DATASET EXTRACT>
────────────────

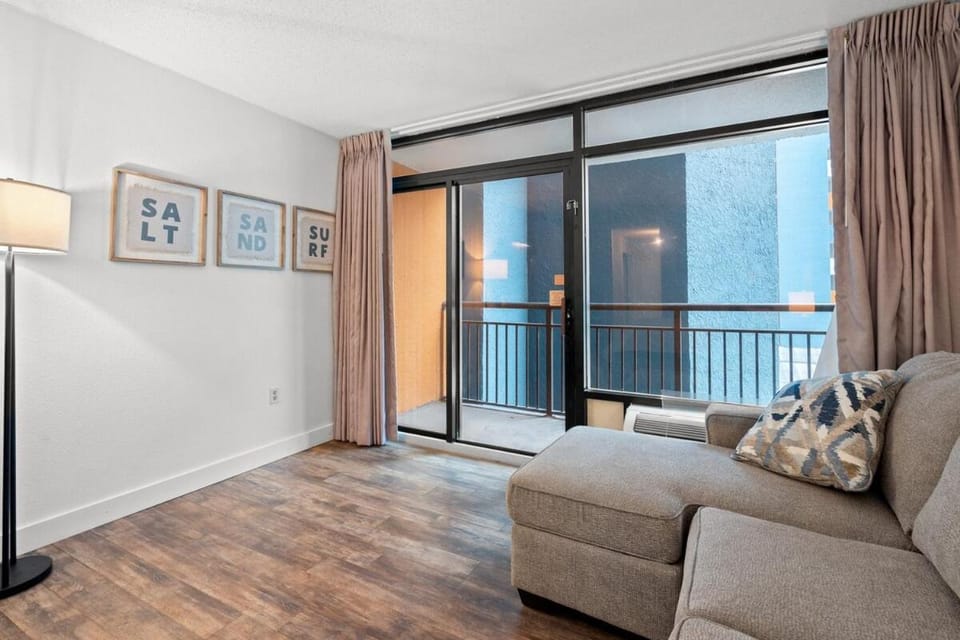Landmark Resort Studio with King Bed, Kitchenette & Smart TV Apartment in Myrtle Beach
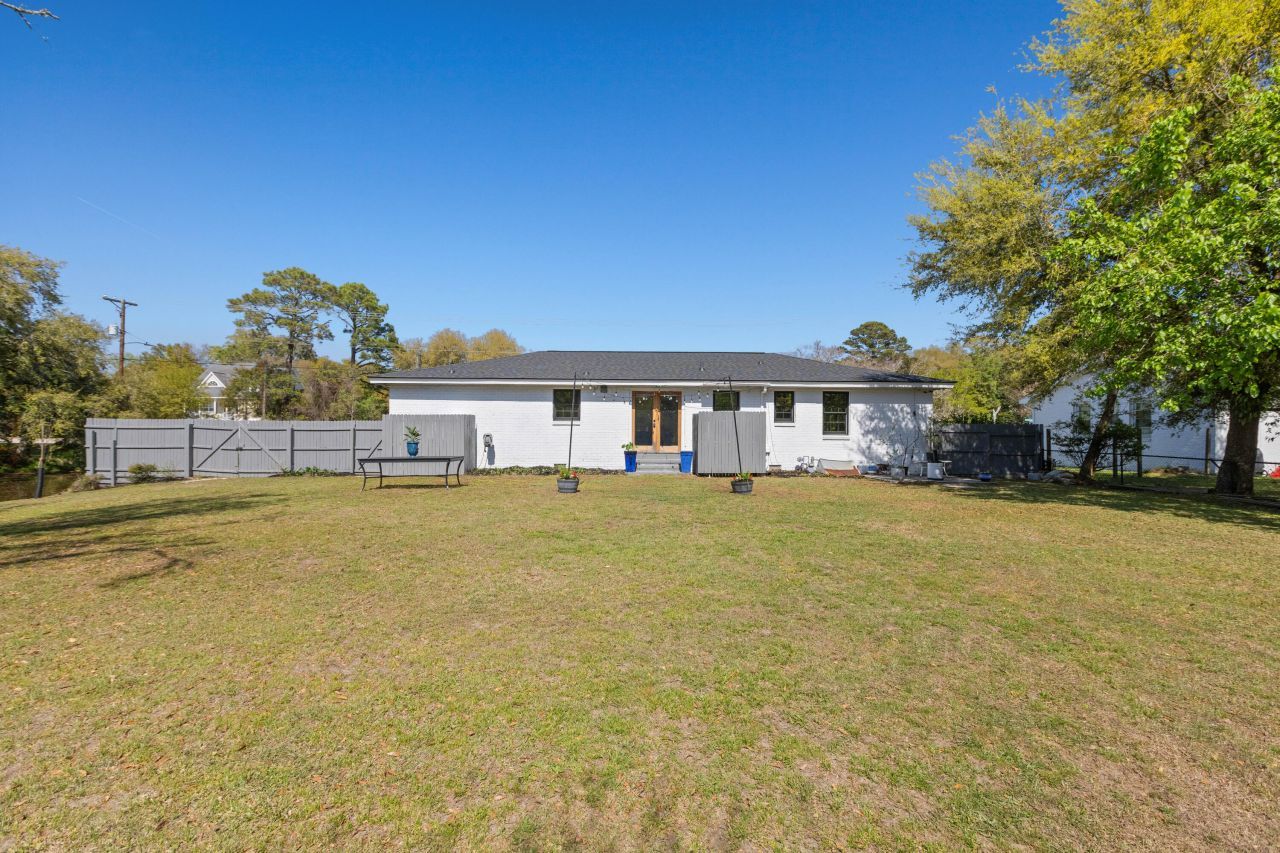 1089 Harbor View Road Photo 47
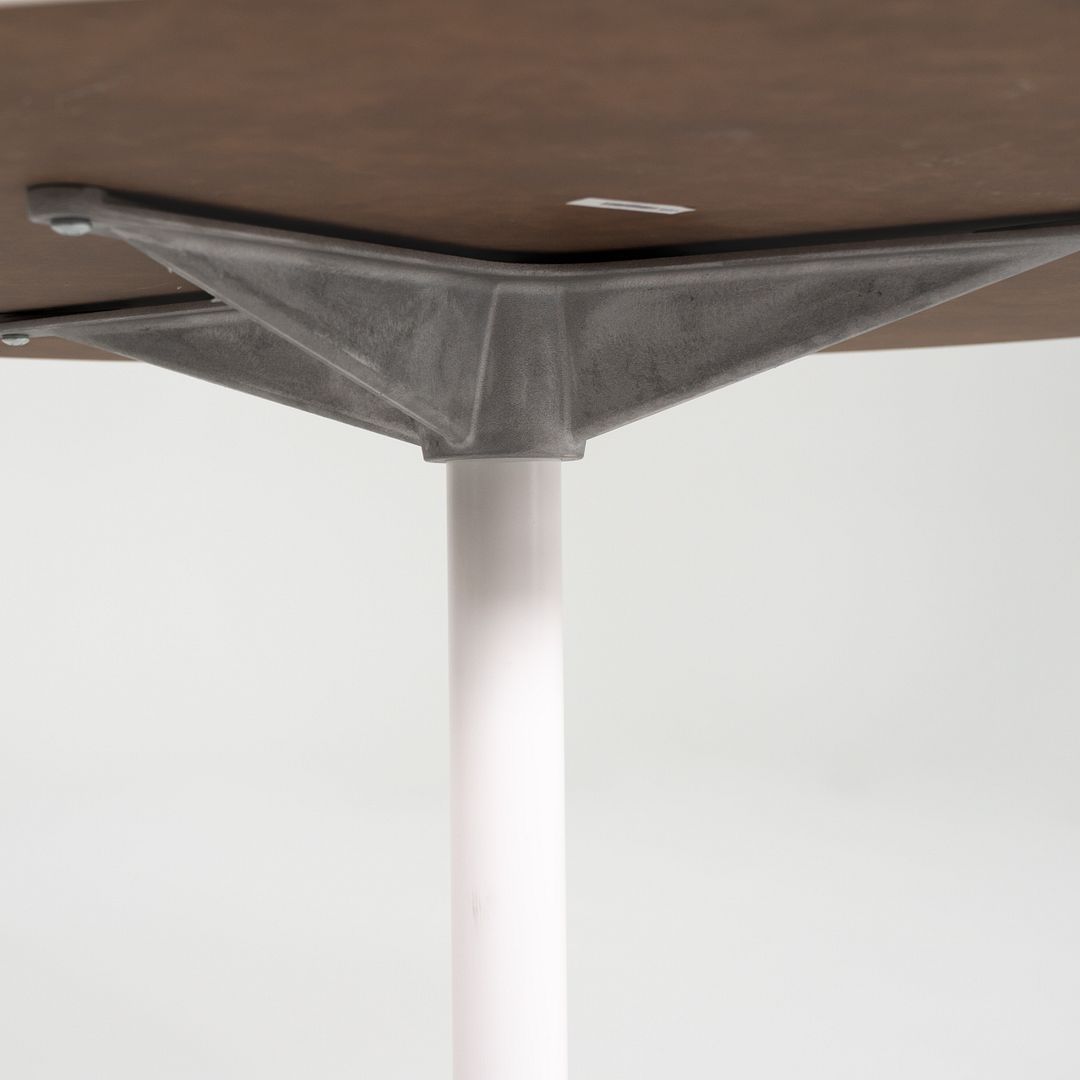 ET108U Universal Base Dining Table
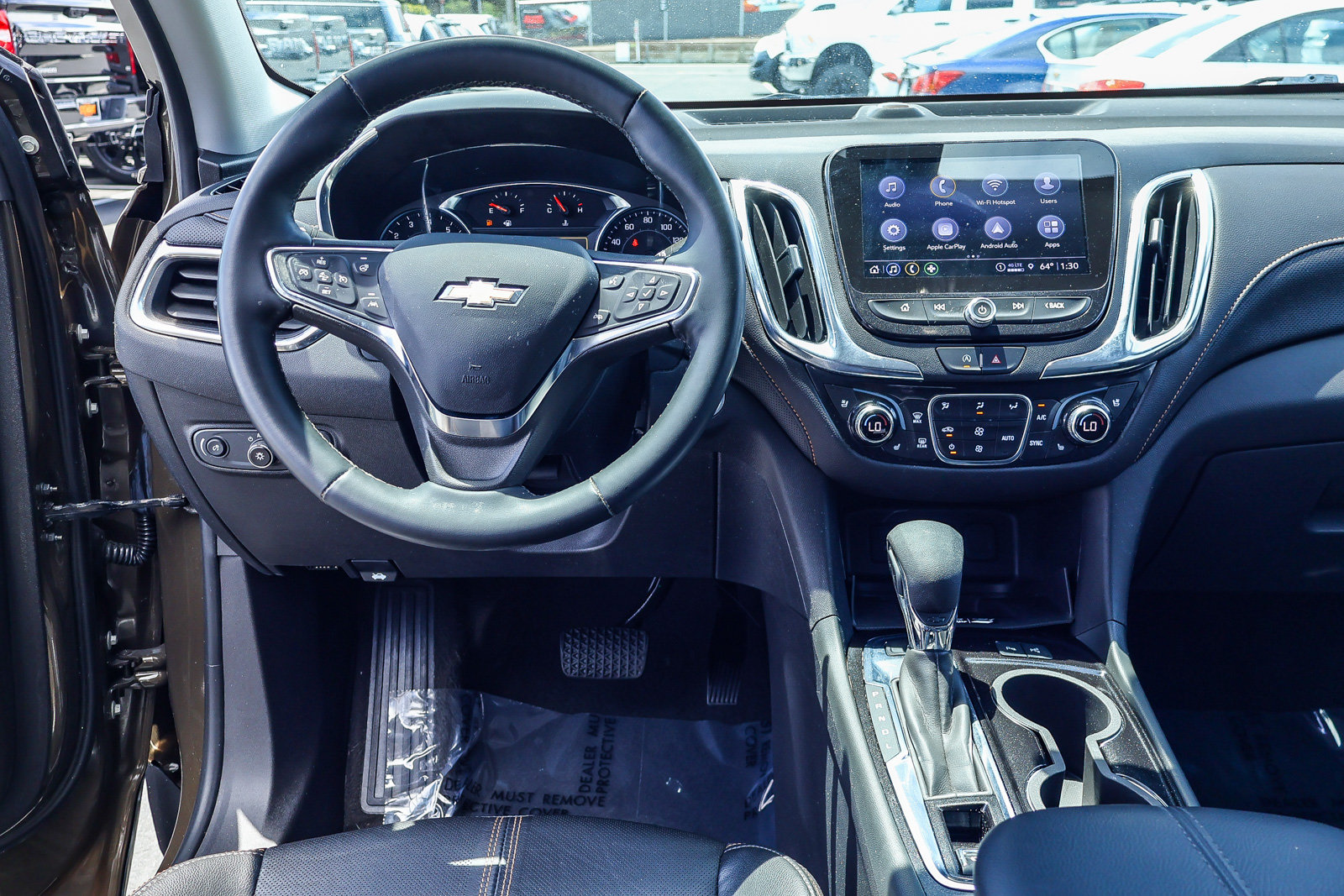 Used 2023 Chevrolet Equinox Premier AWD/4WD image 3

────────────────

Copy the data word for word and omit every picture.

Landmark Resort Studio with King Bed, Kitchenette & Smart TV Apartment in Myrtle Beach
 1089 Harbor View Road Photo 47
 ET108U Universal Base Dining Table
 Used 2023 Chevrolet Equinox Premier AWD/4WD image 3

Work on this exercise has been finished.